Both the suburbs and the city are comprised of multiple taxing bodies, such as schools, libraries, park districts, governmental bodies, etc. Even though the value of your home may have gone down, and you may have even had a successful assessed value appeal, the various factors that go into determining your tax rate may have gone up. For example, the Chicago Board of Education increased its tax requirements by over five percent, and the City of Chicago government needed a 1.6% increase. The Forest Preserve District and the Metropolitan Water Reclamation District increased their budgets by 4.5% each.
Is there any good news in all of this? Well, taxes going up is seldom good news. However, as the bills are coming out late, homeowners can hold on to their money a little bit longer.
One more tidbit: Typically, the first installment tax bill of any given tax year in Cook County is exactly half of the previous full-year bill. Starting with the 2009 first installment tax bill, however, this is going to change. The 2009 first installment tax bill will be 55% of the total 2008 tax bill.
Is there any thing I can do. I got my 2 bedroom for 245,000 in 2007 and now the similar units are sold in my area west side chicago for 150,000.
My real estate tax was 2,400 and now i am paying 3,200.
I dont think so it should increase when the value is decrease exponentially..
Yes, you can appeal your taxes going forward (it’s probably too late for the bill you already got). Of course, since you describe your home as a “unit”, I assume you are referring to a condominium. Your likelihood of success will increase if your entire association applies.
Naheed, I purchased a foreclosed home for $270,000 in June 2009 in Palatine. My new tax bill came in and was up nearly 80% (the previous owners did not have a seniors exemption and never appealed the taxes). The accessed value of the property is $450,000. I have heard that the accessor will not necessarily adjust my accessed value to $270,000 if an appeal is filed. Is that true? If so why not?
That’s true, the assessor won’t necessarily reduce your assessed value to your purchase price. There can be many reasons for this, but one of them is that assessors sometimes take into account that your property was foreclosed and you likely got the property for far less than it’s worth. Also, even if your assessed value was lowered, that does not necessarily mean that your tax bill will go down, because the tax rates might have gone up.
Hi Naheed. The second installment of my property tax bill for 2008 was nearly 3x the first installment (2007’s homeowners exemption was $900, but 2008 is only $276). I purchased the unit new in May of 2009, so this is for time I did not own or occupy the unit (and we did not account for this much of an increase in the pro-rated taxes that were part of my closing).

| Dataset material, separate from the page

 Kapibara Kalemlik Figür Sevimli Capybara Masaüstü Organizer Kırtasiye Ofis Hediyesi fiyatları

Are my hands tied, or do I have any options with the county here? Are my taxes really increasing 3x the amount they were for 2005, 2006, and 2007 due to the 7% cap going away? (The increase from 2007 to the 2009 estimate is almost 136%!)
Hi Laura,
You could check and see if you had any kind of reproration agreement with the developer. Other than that, if you’ve already been billed, then it’s probably too late for an appeal of the 2008 taxes. You can appeal the taxes going forward, but if you live in a condominium, your association will have to appeal as a whole.
Naheed
Hi Naheed,
We purchased our home in Schaumburg in May 2009 and at this time the first installment of the 2008 taxes was paid. The second installment bill was more than twice the amount of the first one. It was paid out of our mortgage escrow account. It was a foreclosed home and there was no homeowners exemption applied for 2008. The first installment for the 2009 taxes was also paid this March and it is based on the taxes for 2008. Of course we came up with a huge escrow account shortage. Do we have the right for any amount of homeowners exemption for 2009 since we moved in in June 2009? I am not sure, but I think that the home was not occupied as of Jan 1, 2009. Also, at closing, the taxes for 2008 were calculated for around $4300 and we end up paying more than $6400. Are we responsible for that difference having in mind that we did not own the home in 2008? Thank you so much.

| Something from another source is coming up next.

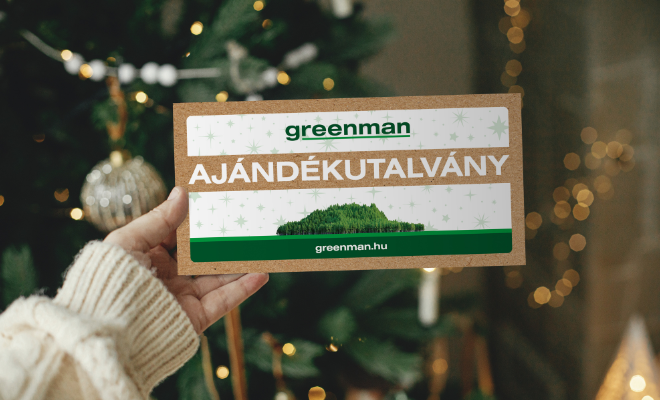 Greenman Ajándékutalvány - Karácsonyi ajándék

If you moved in June of 2009 and the home was foreclosed and vacant at the start of 2009, then the first time you can claim the homeowner’s exemption is for the 2010 tax year.

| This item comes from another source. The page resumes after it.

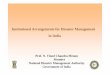 Institutional Arrangements for Disaster Management in India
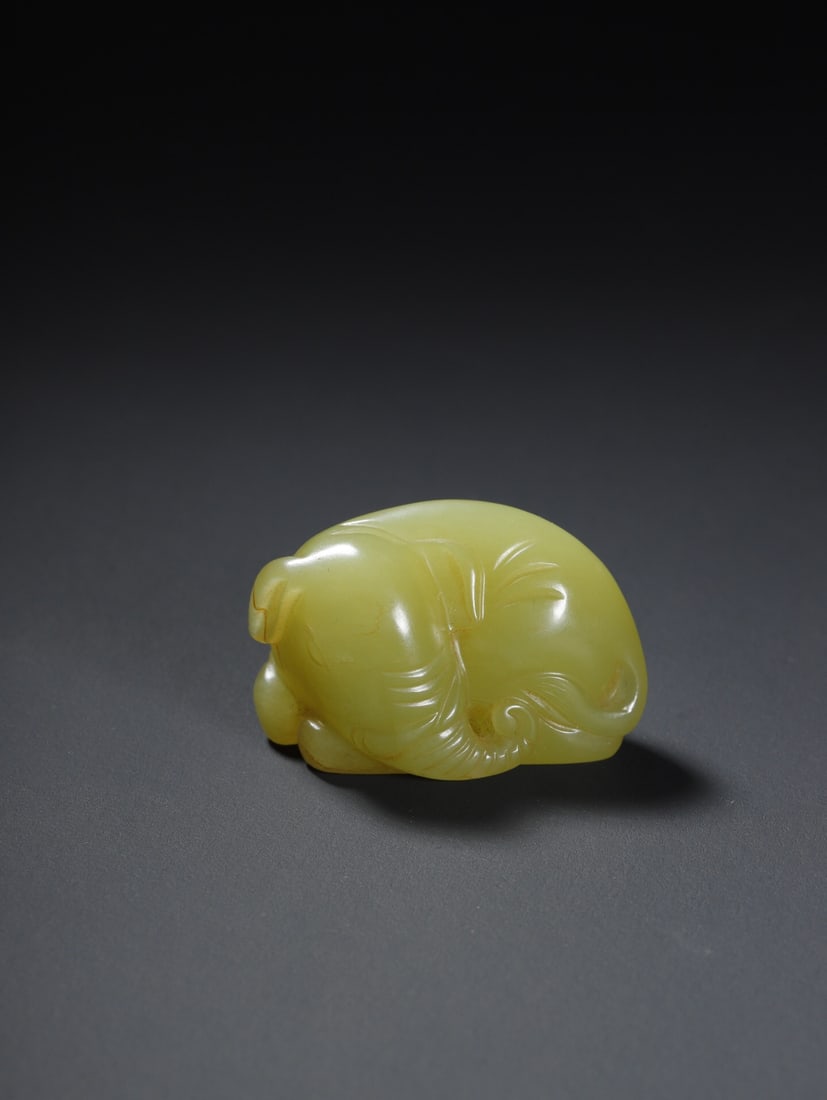 Hetian Yellow Jade Carving (1 of 2)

Since the home was foreclosed, most likely you received a tax credit based on the 2007 taxes (which was the last full year tax bill available at that time). Assuming you received a tax credit based on 100% of the 2007 taxes, and that no reproration agreement was signed, you would be liable for the entire 2008 tax amount. FYI most banks only provide 100% tax proration credits, and they do not enter into reproration agreements.
Thank you so much for your response.